UMass Boston

Professor Chris Bobel Receives Fulbright Scholar Award

06/27/2024| Crystal Valencia

Bobel to teach Gender Studies at Kadir Has University in Istanbul

Chris Bobel
Professor Chris Bobel
Image By: Javier Rivas

Professor of Women's, Gender, and Sexuality Studies Chris Bobel has received a Fulbright U.S. Scholar Program award to teach in Istanbul, Turkey this fall.

Through the prestigious Fulbright award, Bobel will teach PhD students in Gender Studies at Kadir Has University for a full academic year, an experience she says will challenge her in exciting ways as a public intellectual and feminist educator and mentor.

“I love travel as the best means of accessing and learning from cultures different than my own. And the chance to do my job in another place really excites me,” Bobel said. “Turkey is unique in its interesting tensions between East and West, the secular and the religious, and the traditional and modern. The complexities of Turkey today are a fruitful site for thinking critically about the gendered dimensions of a range of pressing social issues.”

A UMass Boston faculty member since 2001, Bobel teaches courses on Gender & the Body, Feminist Theory, Feminist Research Methods, Women in US Social Movements and Feminist Activism. She also coordinates the WGS Internship Program for WGS majors and minors.  Her scholarship lies at the intersection of social movements, gender, health and embodiment, or how feminist thinking becomes feminist doing at the most intimate and immediate levels. She is currently working on a book about grief-induced activism.

“It is an exciting time for Women’s, Gender and Sexuality Studies,” she said. “As a field, it has dramatically transformed in a matter of mere decades from a reparative integration of women’s lived experiences into existing disciplines to a global multi- faceted interdisciplinary and intersectional field of study made stronger by the very transnational debates and contestations at its core. Engaging Gender Studies in Turkey will have multiple ripple effects. I will meaningfully interact with the future arbiters of the field who hold its future in their hands, and I plan to continue to nurture the relationships I develop at Kadir Has University when I return home.”

In addition to teaching, she plans to mentor PhD students working on their dissertations and support junior faculty who need guidance with their research, writing, and publishing. Bobel said the opportunity to work with graduate students was a big draw for her. UMass Boston’s Women's, Gender, and Sexuality Studies is an undergraduate program, so Bobel has limited opportunities to work closely with graduate students.

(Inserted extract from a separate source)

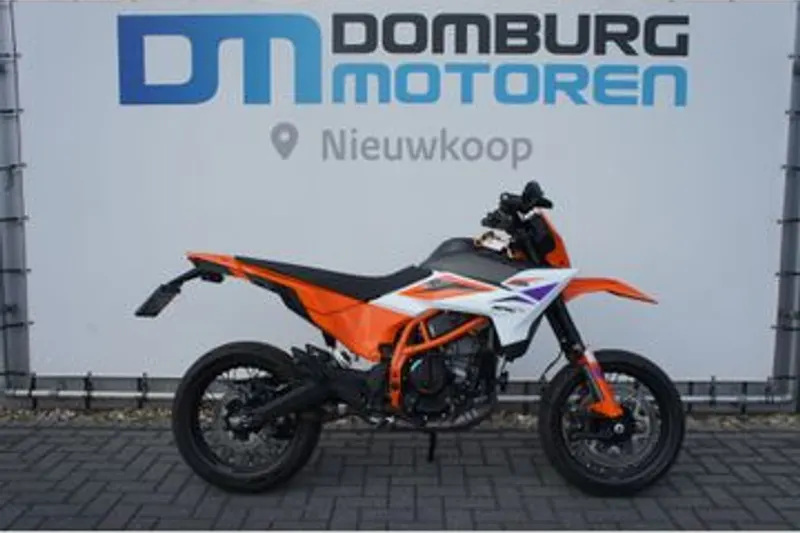 KTM 390 SMC R (2026)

“When I do get the chance, I really enjoy that work. So teaching PhD students in Gender Studies in Turkey for a full academic year—a place where the field is burgeoning in a really complicated political climate—will be a career culminating experience, and a chance to strengthen our field’s authority and impact,” she said.

Bobel says she has been using the Duolingo app to learn some Turkish language as she prepares for the trip, although she is struggling a bit.

“My partner and I have been watching Turkish films set in Istanbul and documentaries about Turkish history,” Bobel said. “I just checked out three highly recommend books about Istanbul. I have so much to learn! It is a bit daunting, but also thrilling and I feel very fortunate to have this opportunity.”

She finds the idea of living in Istanbul especially compelling.

“I have never lived in a megacity, so that alone really intrigues me (as does the delicious food and temperate climate, not to mention the famously friendly feral cats that roam the city ). What’s more, the city connects two continents—Europe and Asia. My life will be intercontinental, literally,” she said. “I will live in Asia and commute about one hour to my university in Europe. Being in such an old city with an incredibly rich history will be endlessly fascinating.”

Bobel is among more than 800 U.S. citizens who will teach or conduct research abroad for the 2024-2025 academic year through the Fulbright U.S. Scholar Program.

The Fulbright Program is the U.S. government’s flagship international educational exchange program and is supported by the people of the United States and partner countries around the world. The Fulbright Program is funded through an annual appropriation made by the U.S. Congress to the U.S. Department of State’s Bureau of Educational and Cultural Affairs.

Bobel says her time in Turkey will help her develop new strategies, and strengthen existing ones, that she hopes will benefit her students and colleagues when she returns to Boston.

“Every time I teach and every time I mentor a student or a colleague, I improve my practice, and this benefits those I serve as well as my own work as a scholar and writer,” she said. “I will make mistakes, and I hope I learn from them.”